Dividends are paid, even if some are disturbing.  Take the move in the South, ahead of many other parts of the country, to enforce and require mandatory school attendance.  Turns out, a big part of the push came from political and commercial concerns that poor white were falling behind poor blacks, and that was something that the powers that be couldn’t abide.  Though we tend to see the Tuskegee approach of uplift and conciliation as providing tacit support for separate, but equal in the South, hearing and reading the stories of the price many paid in simply trying to provide equal education for Black children, softened my view of the focus on industrial education as perhaps as much tactical, as strategic.

My wakeup calls in reading New History, as well as Iron Heel, has forced me to seriously reevaluate what I had often thought were the generally positive contributions of the Progressive Movement.  The repression of the IWW was abetted by the Progressives staunch anti-unionism.  The deeply embedded racism infected what might have been seen as Progressive accomplishments in the South.  Political leaders like Georgia’s Tom Watson who had begun as advocates of programs for the poor were quick to embrace virulent strains of racism in order to win and maintain power.

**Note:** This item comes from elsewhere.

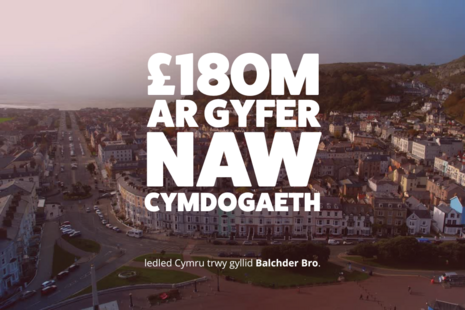 In Welsh: £180m for nine neighbourhoods across Wales through Pride in Place funding.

One essay by Peter Coclanis on the economy of the South was also a revelation.  Who knew that workers could make more money picking cotton on plantations than owning their own property and sharecropping?  Not me!  Certainly, the fact that the southern economy was stunted for a century – and to this day – by slavery and the plantation economy isn’t news, but the way the textile industry employed whole families, rather than just individuals, goes a long way to explaining other legacy issues.

Like I said, the South isn’t everyone’s cup of tea, but live here or just visit, if you want to understand America, you need to understand the South, especially these days.  To do so, requires looking past the old stories, myths, and rose-colored glasses, just as Brundage and his co-authors have done.